- Episode no.: Series 1 Episode 8
- Directed by: China Moo-Young
- Written by: Jonathan Brackley and Sam Vincent
- Original air date: 2 August 2015
- Running time: 46 minutes

Episode chronology
| ← Previous "Episode 7" | Next → "Episode 1" |

= Episode 8 (Humans series 1) =

"Episode 8" is the eighth and final episode of the first series of Humans, a show based on Real Humans and co-produced by Channel 4 and AMC. It originally aired in the UK on 2 August 2015 to an audience of 3.997 million viewers; it aired in the US on 16 August 2015. In this episode, the synths finally manage to execute the code left by David Elster with the help of the Hawkins family. The finale received positive reviews in the UK and mixed reviews in the US.

==Plot==
Hobb tries to link Fred, Leo, Max, Mia and Niska to extract the programme David Elster made to give synths consciousness; however, this does not work as Karen's part of the code is missing. Hobb alters Fred so that he essentially becomes the primary user; Fred is still capable of hatred towards Hobb but unable to harm him. Hobb plans to destroy the others as he no longer has a use for them, but needs to keep Fred so he can create obedient but conscious synths.

The Hawkins' electronic items are confiscated by the police, but they quickly plot to retrieve Mattie's laptop, which contains a cached copy of some of Leo's memories.
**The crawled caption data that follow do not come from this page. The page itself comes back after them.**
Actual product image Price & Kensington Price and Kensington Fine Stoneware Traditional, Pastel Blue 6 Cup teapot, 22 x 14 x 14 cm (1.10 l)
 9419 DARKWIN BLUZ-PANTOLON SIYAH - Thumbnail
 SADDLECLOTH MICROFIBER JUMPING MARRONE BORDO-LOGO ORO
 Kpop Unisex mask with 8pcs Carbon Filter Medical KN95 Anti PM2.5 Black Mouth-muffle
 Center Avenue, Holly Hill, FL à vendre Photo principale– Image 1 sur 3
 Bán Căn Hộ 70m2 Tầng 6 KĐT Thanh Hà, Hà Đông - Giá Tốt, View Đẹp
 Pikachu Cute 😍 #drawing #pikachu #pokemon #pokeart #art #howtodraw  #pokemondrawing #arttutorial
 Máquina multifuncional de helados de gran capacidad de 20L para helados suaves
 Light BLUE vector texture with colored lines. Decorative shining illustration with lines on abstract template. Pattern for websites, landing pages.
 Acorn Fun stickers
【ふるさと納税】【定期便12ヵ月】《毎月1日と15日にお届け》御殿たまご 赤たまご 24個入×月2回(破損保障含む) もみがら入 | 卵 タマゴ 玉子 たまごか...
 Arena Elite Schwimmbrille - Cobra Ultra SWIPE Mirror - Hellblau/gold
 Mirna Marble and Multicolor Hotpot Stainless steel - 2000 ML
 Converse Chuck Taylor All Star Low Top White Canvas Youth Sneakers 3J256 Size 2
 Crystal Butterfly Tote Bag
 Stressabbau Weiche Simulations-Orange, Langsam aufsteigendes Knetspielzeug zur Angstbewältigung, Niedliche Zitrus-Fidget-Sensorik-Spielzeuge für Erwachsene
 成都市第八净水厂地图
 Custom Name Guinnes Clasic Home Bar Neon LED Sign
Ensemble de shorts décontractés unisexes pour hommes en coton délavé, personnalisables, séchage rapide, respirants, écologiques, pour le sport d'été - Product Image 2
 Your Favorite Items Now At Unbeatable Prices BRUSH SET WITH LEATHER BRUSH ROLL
Pete Drummond arrives and helps them to steal it back; Mattie, Toby and Pete go to a cafe and send Laura a copy of some of the memories. Laura threatens to send the videos to the press if Hobb does not release the synths, which would release the secret that there are conscious synths to the public. Hobb lets the synths go, although code within Fred allows him to track them.

The Hawkins reunite with the synths and after the police arrive, they flee to an abandoned church. They realise that they can be tracked through Fred and Leo is unable to remove the intrusive code. Leo rings Karen and reveals where they are hiding; Karen chooses to leave Hobb and go to the church to execute the programme in their minds. Karen tries to infect the code, but fails after Mia intervenes. Meanwhile, Laura pulls Joe aside and tells him about the secret about Tom. After the group debate what to do with the programme, Niska stores a copy of it on the hard drive and gives it to Laura. Niska decides to go off on her own and the synths leave without her and without Fred. Mia gives an emotional goodbye to the Hawkins as her former owners return home. After Karen leaves, she is met by Pete and they reluctantly go off together. The final scene shows Niska on a train, with a copy of the programme.

==Reception==
===Ratings===
On 2 August 2015, "Episode 8" aired on Channel 4 in the UK to a viewership of 3.997 million. A further 491,000 households watched the episode on Channel 4 +1. On both channels, Humans was the highest rated show that week.

===Reviews===
UK reviews were positive. Michael Hogan of The Telegraph gave the episode 5 out of 5 stars, praising both the "uniformly excellent" cast and the script which was "studded with thoughtful lines"; Hogan said the episode reached a "bittersweet climax" and "neatly teed up the second series". Neela Debnath of Express described Episode 8 as "a heart-pounding finale that remains unpredictable till the end" which "managed to balance the action-thriller elements with the emotional stuff", although "the Hawkins family's return to domesticity seemed somewhat implausible". Morgan Jeffery of Digital Spy called the episode "mighty impressive" but "not perfect", critiquing the way "DS Pete Drummond continues to drift about, not achieving much." Hannah Verdier said in The Guardian that the finale contains "more questions than answers", and "it would be an understatement to say that Humans doesn’t end neatly."

The episode received a mixed reception in the US. Brandon Nowalk of The A.V. Club gave the finale a C rating, describing it as "lazy drama", criticising "how many characters are just standing around inactive" and saying that "the final scenes that rely more on long-term relationships than plot are the ones that sing". Matt Fowler of IGN described "Episode 8" as "solid, if not somewhat easy" and "not a very exciting episode", rating it 7.5 out of 10. Fowler highlighted Laura explaining who Tom was to Joe, Karen trying to destroy the synths' programme and Pete searching for Karen as some of the positive scenes in the positive, but disliked the fact that the "We Are People" march "never truly paid off". Angelica Jade Bastién of Vulture gave the episode 3 out of 5 stars, saying that it had "bright spots" but "it falters because the characters make dramatic, unexplained shifts".